Une heure plus tard, je reçus un texto de votre part : C’est Claire. Pouvons-nous, nous rencontrer ? J’ai besoin de dire à quelqu’un que je suis malheureuse

Un rendez-vous s’en suivit dans un bar lounge de la capitale.

J’avais prêté mon oreille à votre confession et me trouva bien impuissant devant vos pleurs.

Vous vouliez le quitter mais vous ne pouviez pas, voilà en résumé ce que j’avais entendu.

Je vous avais encouragé à passer à l’acte. On se voyait une fois par semaine au même endroit. Je remarquais l’évolution de cette envie timide puis de plus en plus affirmée. Oui vous alliez le quitter pour de bon.

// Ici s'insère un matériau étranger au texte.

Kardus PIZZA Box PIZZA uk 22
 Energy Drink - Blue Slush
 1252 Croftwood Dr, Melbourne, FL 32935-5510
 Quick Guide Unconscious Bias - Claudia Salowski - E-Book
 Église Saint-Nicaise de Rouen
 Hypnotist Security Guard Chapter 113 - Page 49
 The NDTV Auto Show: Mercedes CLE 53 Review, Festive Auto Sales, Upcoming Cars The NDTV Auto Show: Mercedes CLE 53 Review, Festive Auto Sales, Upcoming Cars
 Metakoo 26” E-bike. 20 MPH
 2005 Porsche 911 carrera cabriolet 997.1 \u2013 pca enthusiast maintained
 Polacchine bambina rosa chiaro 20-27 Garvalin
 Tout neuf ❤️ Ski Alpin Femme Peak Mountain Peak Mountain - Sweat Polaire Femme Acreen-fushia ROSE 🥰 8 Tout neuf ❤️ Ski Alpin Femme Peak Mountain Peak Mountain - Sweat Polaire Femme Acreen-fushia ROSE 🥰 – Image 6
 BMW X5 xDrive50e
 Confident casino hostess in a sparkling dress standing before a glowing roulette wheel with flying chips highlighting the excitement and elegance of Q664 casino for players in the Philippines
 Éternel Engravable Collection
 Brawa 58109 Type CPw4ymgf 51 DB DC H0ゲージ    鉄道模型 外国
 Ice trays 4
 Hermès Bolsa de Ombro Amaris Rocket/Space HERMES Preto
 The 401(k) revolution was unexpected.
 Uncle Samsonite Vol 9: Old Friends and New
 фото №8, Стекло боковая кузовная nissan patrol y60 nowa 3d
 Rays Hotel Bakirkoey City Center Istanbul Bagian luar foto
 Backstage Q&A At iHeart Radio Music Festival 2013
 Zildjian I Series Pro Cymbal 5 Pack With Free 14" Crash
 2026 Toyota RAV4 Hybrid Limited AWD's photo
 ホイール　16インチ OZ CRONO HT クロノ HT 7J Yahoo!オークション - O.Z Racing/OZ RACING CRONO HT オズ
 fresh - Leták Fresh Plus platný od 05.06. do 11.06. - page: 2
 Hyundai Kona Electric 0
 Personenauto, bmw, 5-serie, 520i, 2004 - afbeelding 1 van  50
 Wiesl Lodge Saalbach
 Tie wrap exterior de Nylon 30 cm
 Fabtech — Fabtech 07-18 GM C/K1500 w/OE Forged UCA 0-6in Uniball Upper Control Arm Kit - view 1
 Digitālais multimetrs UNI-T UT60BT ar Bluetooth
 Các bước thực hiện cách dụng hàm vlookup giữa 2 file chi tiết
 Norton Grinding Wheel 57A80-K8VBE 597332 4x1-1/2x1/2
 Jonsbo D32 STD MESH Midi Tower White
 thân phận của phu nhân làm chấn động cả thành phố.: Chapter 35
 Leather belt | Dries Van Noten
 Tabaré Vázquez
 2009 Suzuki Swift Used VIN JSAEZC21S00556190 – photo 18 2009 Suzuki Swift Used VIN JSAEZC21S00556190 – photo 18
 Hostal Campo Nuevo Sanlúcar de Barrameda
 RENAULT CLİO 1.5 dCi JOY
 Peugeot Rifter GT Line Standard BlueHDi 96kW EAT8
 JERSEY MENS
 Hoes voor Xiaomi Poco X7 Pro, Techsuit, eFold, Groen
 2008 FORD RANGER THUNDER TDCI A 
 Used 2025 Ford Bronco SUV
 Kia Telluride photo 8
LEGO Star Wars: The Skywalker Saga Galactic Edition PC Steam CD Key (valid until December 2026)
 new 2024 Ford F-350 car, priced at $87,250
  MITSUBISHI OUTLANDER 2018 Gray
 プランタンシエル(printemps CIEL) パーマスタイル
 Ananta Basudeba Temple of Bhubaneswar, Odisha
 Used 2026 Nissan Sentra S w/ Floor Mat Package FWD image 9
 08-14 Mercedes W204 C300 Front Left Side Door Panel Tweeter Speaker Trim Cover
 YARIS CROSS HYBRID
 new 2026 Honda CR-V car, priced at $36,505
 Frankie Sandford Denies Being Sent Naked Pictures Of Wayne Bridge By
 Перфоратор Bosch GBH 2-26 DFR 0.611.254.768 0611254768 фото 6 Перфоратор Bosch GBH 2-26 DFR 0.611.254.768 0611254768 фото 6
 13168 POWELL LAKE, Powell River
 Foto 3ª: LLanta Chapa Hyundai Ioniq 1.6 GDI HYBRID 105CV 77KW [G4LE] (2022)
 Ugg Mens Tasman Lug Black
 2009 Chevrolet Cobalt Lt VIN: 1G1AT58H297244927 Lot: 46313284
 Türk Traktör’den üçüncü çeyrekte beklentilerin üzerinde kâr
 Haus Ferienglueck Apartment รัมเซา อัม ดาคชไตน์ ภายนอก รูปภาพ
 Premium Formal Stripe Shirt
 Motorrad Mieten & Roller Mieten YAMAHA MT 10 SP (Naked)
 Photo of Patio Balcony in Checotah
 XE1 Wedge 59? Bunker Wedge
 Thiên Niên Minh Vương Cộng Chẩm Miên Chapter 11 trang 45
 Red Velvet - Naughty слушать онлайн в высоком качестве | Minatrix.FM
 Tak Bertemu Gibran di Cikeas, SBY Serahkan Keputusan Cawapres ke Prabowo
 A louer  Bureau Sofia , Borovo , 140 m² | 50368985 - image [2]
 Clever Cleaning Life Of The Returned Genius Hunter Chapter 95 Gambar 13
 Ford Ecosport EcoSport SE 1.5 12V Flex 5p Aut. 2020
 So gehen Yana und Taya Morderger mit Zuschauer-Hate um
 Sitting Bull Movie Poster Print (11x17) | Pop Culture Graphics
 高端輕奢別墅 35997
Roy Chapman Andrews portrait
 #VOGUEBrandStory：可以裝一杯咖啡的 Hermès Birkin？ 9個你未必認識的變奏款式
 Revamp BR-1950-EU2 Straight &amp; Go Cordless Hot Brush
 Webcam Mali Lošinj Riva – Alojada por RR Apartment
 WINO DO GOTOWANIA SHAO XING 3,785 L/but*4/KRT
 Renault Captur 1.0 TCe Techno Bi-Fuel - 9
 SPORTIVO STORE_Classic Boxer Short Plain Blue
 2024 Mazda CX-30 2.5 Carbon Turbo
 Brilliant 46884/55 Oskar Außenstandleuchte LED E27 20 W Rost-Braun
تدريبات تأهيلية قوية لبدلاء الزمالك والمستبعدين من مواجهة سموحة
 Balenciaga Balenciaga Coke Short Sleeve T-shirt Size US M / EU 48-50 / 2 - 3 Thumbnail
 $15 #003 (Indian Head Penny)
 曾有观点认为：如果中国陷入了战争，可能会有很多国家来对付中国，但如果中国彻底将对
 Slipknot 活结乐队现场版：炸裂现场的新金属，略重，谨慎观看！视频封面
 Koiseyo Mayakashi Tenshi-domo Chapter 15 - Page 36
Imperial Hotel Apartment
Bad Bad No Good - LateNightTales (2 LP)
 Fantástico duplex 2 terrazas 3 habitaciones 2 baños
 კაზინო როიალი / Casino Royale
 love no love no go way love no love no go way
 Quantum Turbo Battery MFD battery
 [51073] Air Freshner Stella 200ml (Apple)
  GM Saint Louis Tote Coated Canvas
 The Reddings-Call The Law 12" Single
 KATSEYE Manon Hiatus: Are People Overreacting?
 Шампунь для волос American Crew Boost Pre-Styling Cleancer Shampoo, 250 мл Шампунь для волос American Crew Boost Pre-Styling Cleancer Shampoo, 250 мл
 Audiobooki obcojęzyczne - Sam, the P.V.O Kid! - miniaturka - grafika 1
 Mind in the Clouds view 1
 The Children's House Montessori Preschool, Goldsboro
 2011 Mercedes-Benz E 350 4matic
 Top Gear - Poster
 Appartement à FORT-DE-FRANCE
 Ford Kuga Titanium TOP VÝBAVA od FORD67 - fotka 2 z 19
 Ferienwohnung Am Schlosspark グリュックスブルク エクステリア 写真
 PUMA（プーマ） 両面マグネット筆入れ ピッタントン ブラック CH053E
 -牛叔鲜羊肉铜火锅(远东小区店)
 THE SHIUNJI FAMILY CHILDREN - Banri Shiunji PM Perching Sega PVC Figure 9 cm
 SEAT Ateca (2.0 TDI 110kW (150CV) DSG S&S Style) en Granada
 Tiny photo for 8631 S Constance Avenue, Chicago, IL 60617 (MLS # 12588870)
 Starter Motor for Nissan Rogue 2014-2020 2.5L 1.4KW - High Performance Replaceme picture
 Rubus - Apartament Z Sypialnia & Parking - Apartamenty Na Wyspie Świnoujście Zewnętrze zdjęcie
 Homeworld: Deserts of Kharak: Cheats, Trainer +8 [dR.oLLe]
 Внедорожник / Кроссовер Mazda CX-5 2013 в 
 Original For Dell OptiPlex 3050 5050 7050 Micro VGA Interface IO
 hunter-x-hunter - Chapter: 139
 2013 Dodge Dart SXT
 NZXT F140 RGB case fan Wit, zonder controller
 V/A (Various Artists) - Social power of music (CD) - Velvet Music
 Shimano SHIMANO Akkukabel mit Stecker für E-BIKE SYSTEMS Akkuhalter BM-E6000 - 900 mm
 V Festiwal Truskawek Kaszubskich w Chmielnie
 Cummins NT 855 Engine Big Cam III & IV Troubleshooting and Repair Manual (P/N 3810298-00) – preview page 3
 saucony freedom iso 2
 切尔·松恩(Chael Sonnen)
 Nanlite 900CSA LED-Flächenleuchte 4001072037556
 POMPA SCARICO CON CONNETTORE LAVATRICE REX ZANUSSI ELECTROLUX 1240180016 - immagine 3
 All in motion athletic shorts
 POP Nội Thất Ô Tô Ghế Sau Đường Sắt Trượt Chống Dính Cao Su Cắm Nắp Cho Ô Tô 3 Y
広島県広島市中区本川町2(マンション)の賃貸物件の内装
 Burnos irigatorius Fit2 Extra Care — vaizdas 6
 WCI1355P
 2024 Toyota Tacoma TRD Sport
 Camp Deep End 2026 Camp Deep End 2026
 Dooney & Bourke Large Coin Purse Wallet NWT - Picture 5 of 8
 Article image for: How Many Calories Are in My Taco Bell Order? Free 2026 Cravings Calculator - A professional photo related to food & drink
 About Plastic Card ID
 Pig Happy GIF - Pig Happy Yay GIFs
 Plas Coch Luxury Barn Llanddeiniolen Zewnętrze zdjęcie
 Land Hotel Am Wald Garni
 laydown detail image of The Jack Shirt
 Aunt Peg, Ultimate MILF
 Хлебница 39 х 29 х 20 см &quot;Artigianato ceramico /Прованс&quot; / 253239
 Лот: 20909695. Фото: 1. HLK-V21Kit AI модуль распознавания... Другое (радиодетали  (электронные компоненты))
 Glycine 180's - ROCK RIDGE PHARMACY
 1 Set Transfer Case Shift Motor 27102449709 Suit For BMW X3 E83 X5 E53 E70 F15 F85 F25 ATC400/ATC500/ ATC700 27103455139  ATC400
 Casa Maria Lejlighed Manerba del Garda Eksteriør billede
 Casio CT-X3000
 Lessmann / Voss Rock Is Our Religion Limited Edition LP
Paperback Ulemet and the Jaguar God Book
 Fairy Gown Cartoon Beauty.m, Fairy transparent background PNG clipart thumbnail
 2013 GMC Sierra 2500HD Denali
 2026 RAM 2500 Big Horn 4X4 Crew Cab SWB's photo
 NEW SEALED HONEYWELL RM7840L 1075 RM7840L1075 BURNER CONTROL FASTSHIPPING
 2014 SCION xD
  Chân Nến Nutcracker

Un soir de juillet j’avais veillé à votre fenêtre et attendu que vos ombres se touchassent encore. Il n’y eut aucun corps à corps. Le lendemain matin, je vous vis valise en main, traverser la rue et rejoindre un hôtel deux étoiles.

Vous y êtes morte le 19 août 2003, étranglée par votre mari.

Depuis ce jour je regrette n’avoir rien dit ou fait qui ait changé la face de cette histoire.

Cela m’aurait sans doute donné l’occasion de vous aimer vraiment.

Et pas qu’en périphérie de vous.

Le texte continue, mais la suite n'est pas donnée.